2. We cannot help remarking that it is very surprising that research in an area that depends so heavily on statistical methods has not been carried out in close collaboration with professional statisticians. Indeed there would be mutual benefit if there were closer collaboration and interaction between CRU and a much wider scientific group outside the relatively small international circle of temperature specialists.

3. It was not the immediate concern of the Panel, but we observed that there were important and unresolved questions that related to the availability of environmental data sets. It was pointed out that since UK government adopted a policy that resulted in charging for access to data sets collected by government agencies, other countries have followed suit impeding the flow of processed and raw data to and between researchers. This is unfortunate and seems inconsistent with policies of open access to data promoted elsewhere in government.

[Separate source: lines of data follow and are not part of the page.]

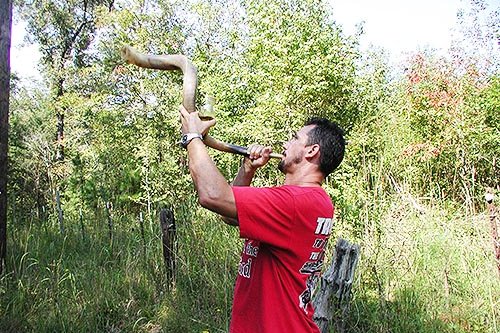 Jeff blowing the shofar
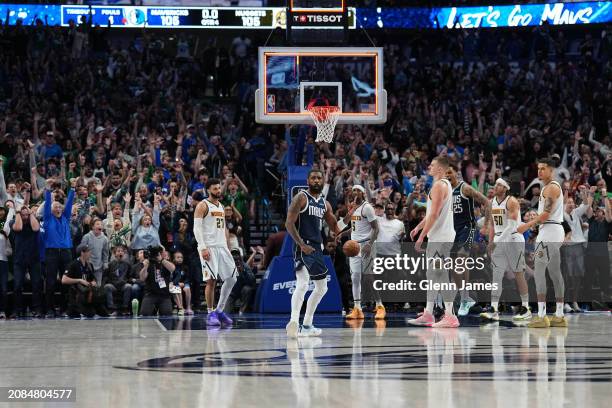 Kyrie Irving of the Dallas Mavericks celebrates during the game after scoring the game winning basket against the Denver Nuggets on March 17, 2024 at...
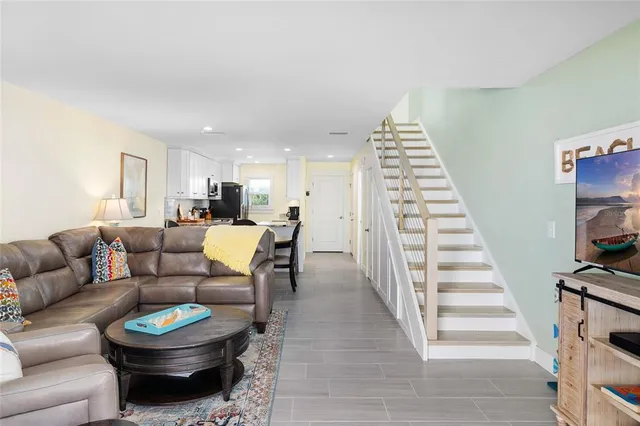 a view of a city from a balcony with furniture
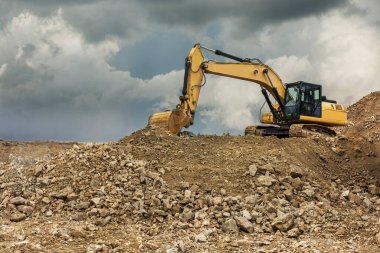 Bir taş ocağında kazıcı, taşa dönüşmesi için taşı çıkarıyor.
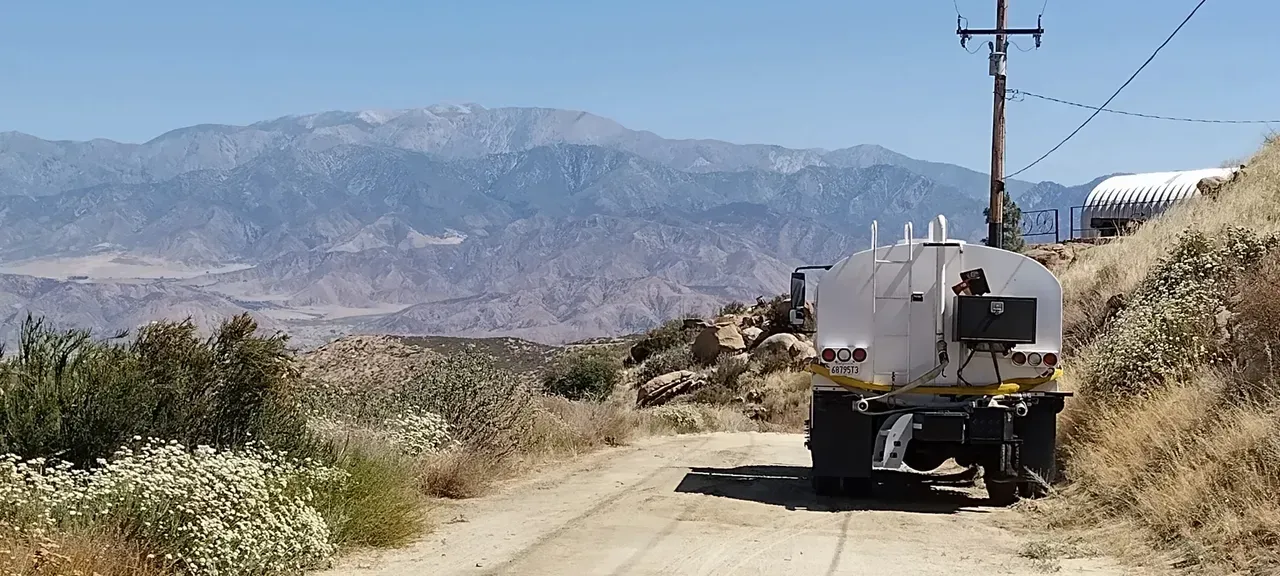 A white water truck parked on a dusty dirt road, set against a backdrop of arid, hazy mountains under a clear blue sky.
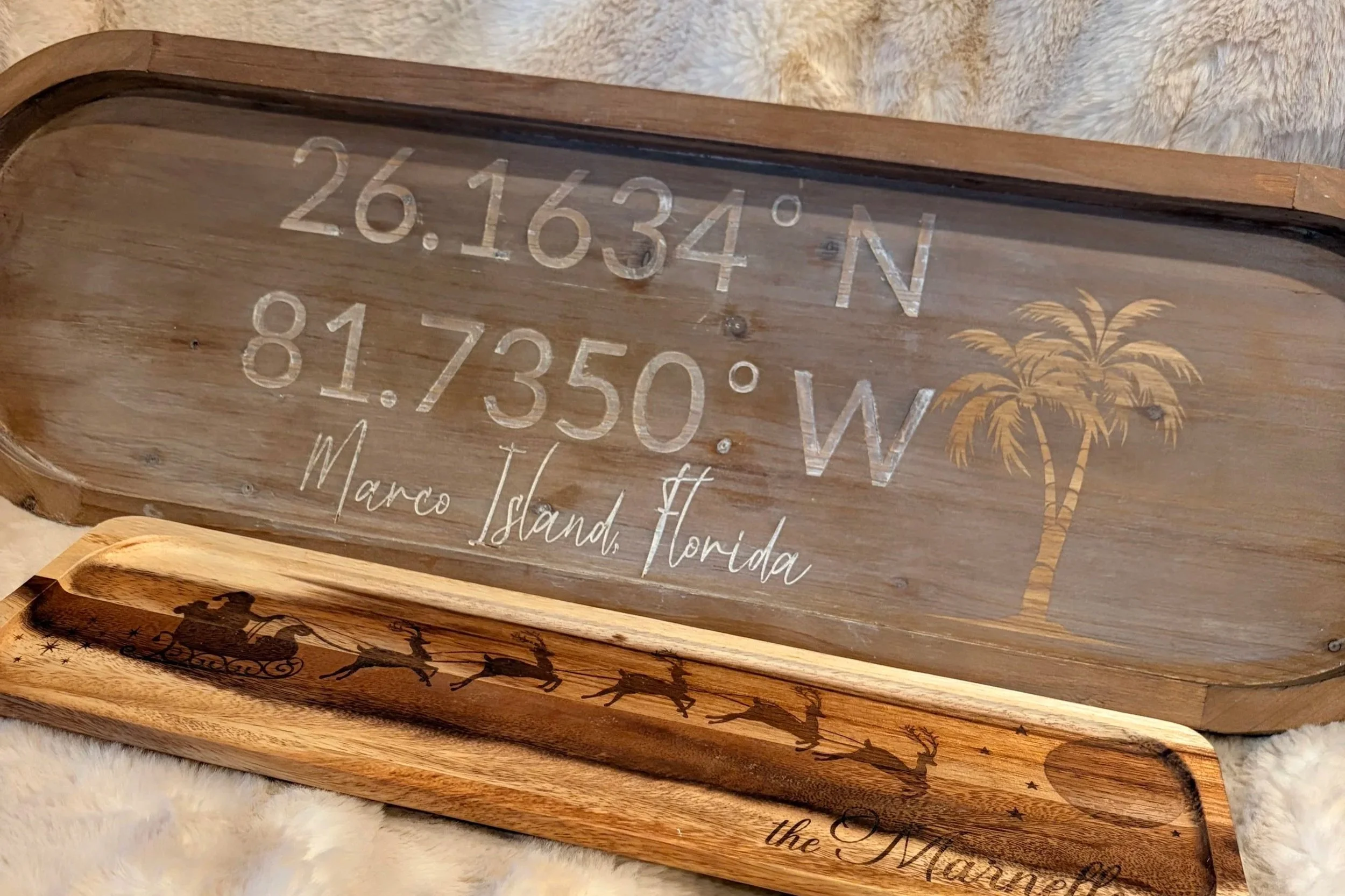 A wooden sign with engraved coordinates 26.16334°N, 81.7350°W, and the text "Marco Island, Florida" along with a palm tree illustration. A smaller wooden tray with a silhouette of Santa Claus in a sleigh pulled by reindeer is in front of the sign, placed on a soft, furry surface.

4. A host of important unresolved questions also arises from the application of Freedom of Information legislation in an academic context. We agree with the CRU view that the authority for releasing unpublished raw data to third parties should stay with those who collected it.

As someone with a good background in many of the areas of this report (government-academic relationship, team research, large scale research, heavy statistical emphasis) and a bad background in the content (I rode the Speech Tournament bus with Tom Skilling the WGN Weather Guy!), my reaction is somewhat negative to the report and its conclusions.  For me, it is a nice way of publicly doubting a peer’s work that also reveals important inconsistencies in the polite doubters.

1.  To call another’s work, “slightly disorganized,” is misleading.  Disorganized work can hide a multitude of sins and is not characteristic of good science.  How you know what you know is as important as what you know.  Disorganized work diminishes the “how you know” part of this.  Even without any deliberate malfeasance or deception, disorganized science is not to be trusted.

2.  To label a professional response as “surprised” when confronting inferior methods, in this case, statistical analysis, is also misleading.  This surprise speaks volumes about the poor quality of this climate research because the research is so damn statistical.  As the review committee notes in other sections of the report, the East Anglia group does not collect original evidence (i.e. doesn’t go out in the field, cut down trees, pull the ring sample, etc.), but rather collects somebody else’s original data.  The East Anglia group then conducts extensive statistical analysis of the data.  The whole point of their science is statistical analysis.  For an outside review group to politely say, “We’re surprised” is another way of saying, “We doubt you.”

3.  I applaud this review committee’s concern about the lack of openness and transparency with Government information.  The review committee notes this closed policy restricts researcher access information to Government sponsored and supported work.  Unsaid is that the closed policy also restricts citizen access to taxpayer sponsored and supported work.  Hey, if it’s Government, it belongs to Everyone.

4.  I strongly disagree with the review committee’s concern about public scrutiny of research.  Most of this particular research is paid for with taxpayer money and it most certainly should be in the public domain.  While I don’t think that citizens should have any say while the work is being done, they certainly do have the right to the work in all published forms, including data sets (the files, not the original evidence).  It is also wildly inconsistent with their criticism of Government opacity in Point 3.  Transparency is good for both Government and Science.

Overall, I view this report as a negative evaluation of both the people at the East Anglia Climate Unit and their work.  It casts significant doubt on what the researchers did and what they claimed.  It is entirely possible that good science will produce the same conclusions, but this report says to me that we have no good science on climate change from this unit.